Leidos CEO Gen. John Jumper Discusses Defense Industry Evolution

In September last year, the Virginia-based government contracting company SAIC split into two. The government-services wing maintained the SAIC name and the newly-created Leidos was created to focus on national security, commercial health, and the engineering sectors. Gen. John P. Jumper, the first chairman and CEO of Leidos, joined the Atlantic Council to discuss this evolution of the company, new opportunities emerging from the split, and challenges posed by sequestration both to Leidos and the broader defense industry.

In his remarks, Gen. Jumper described how the spin off helped to reposition Leidos and SAIC, allowing both businesses to be better shaped for their given markets. It transformed the old SAIC business model from one that was rooted in employee ownerships with hundreds of separate operations into one that is capable of sharing technology across the enterprise. This allows Leidos to leverage its expertise to a variety of fields and enjoy the benefits of diversifying its market base, while maintaining a clear focus on defense technology.

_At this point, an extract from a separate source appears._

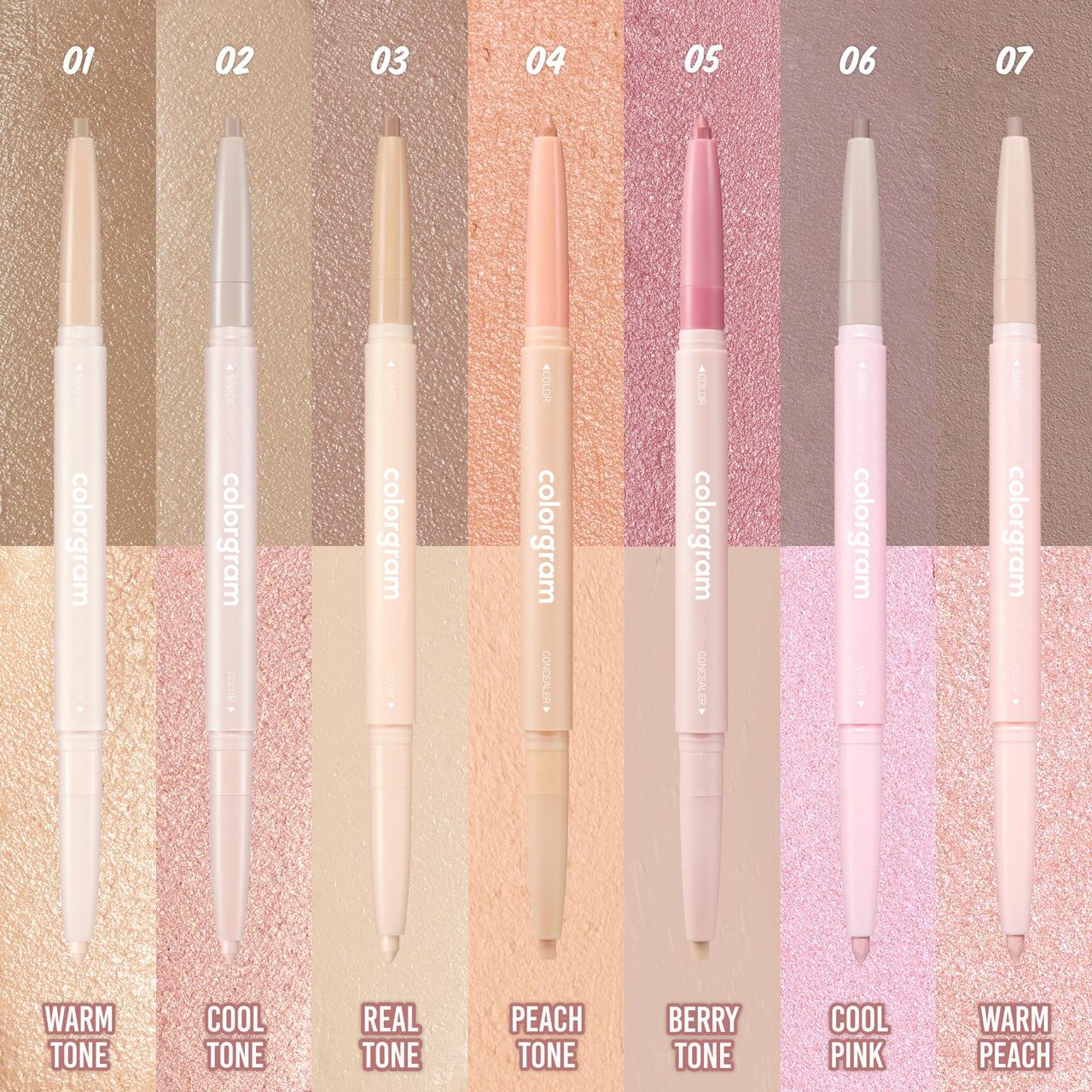 COLORGRAM Under Eye Highlighter Stick 06 Cool Pink | Silky-Smooth Long-Lasting Highlighter & Contouring Stick for Smudge-Proof, Shining Daily Makeup | K-Beauty Face Highlighters & Luminizers
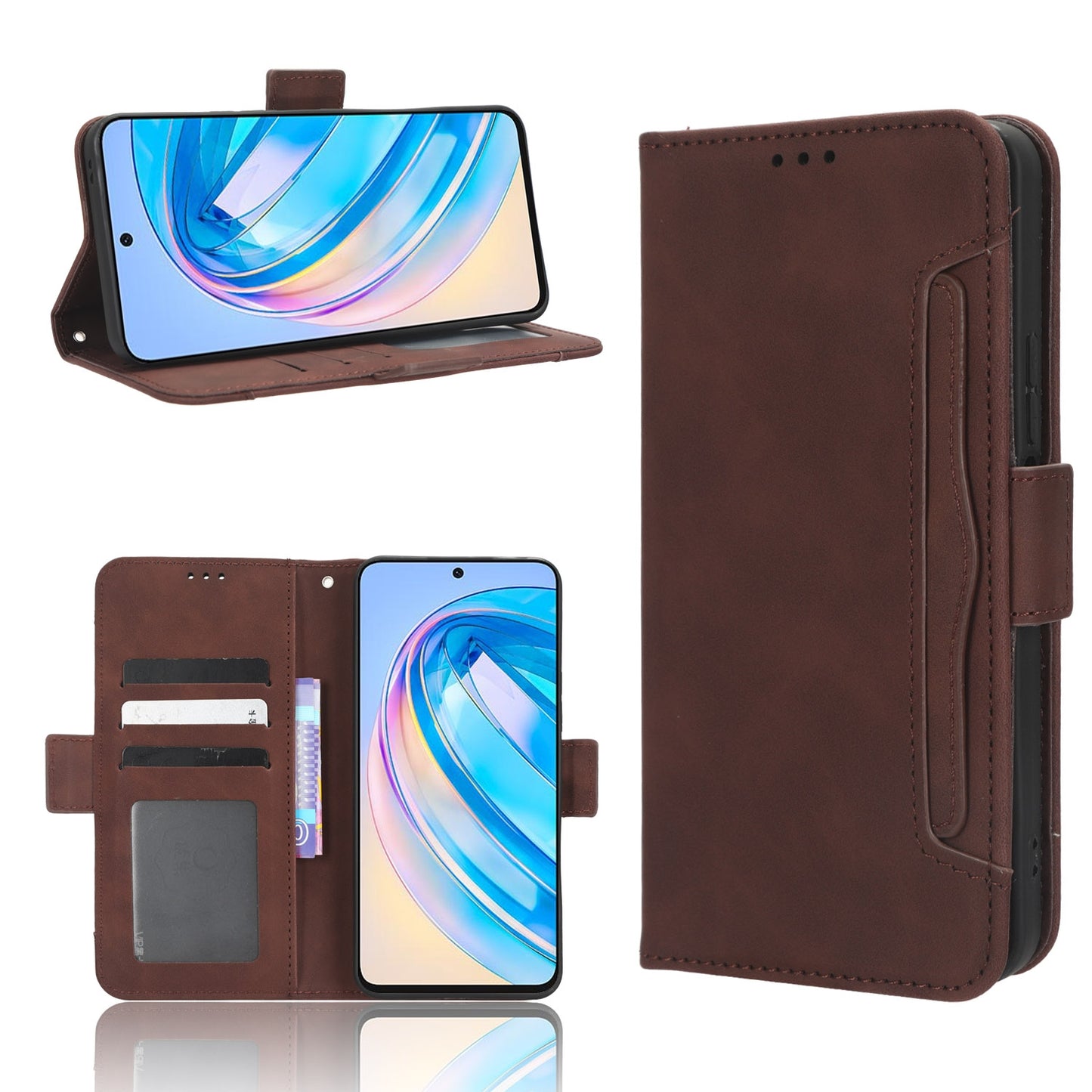 Honor X8a Skin Feel PU Leather Wallet Phone Case with Card Slots, Cash Pocket, Magnetic Closure, Built-In Stand, Full Protection TPU Cover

Gen. Jumper also touched upon market pressures facing the defense industry. He voiced his concern over the effects of government budget cuts and sequestration, which not only affect the company’s contracts in the field of defense, but also its commercial businesses. Noting that while the United States still maintains an adequate defense posture, Gen. Jumper said that sequestration will weaken the country’s traditional deterrence capabilities and impair the agility of its military. Budget cuts also threaten to initiate a drain of talent from the defense industry to other business branches, making it crucial for companies to emphasize innovation and commitment within the corporate culture.

The discussion took place as part of the Atlantic Council Captains of Industry Series. The series is a platform from which senior defense industry executives address the public interests their companies serve and the public policies that shape their markets. By engaging business leaders’ perspectives about issues at the interface of defense ministries and industries, the Council is cultivating a constituency for practical solutions to these problems.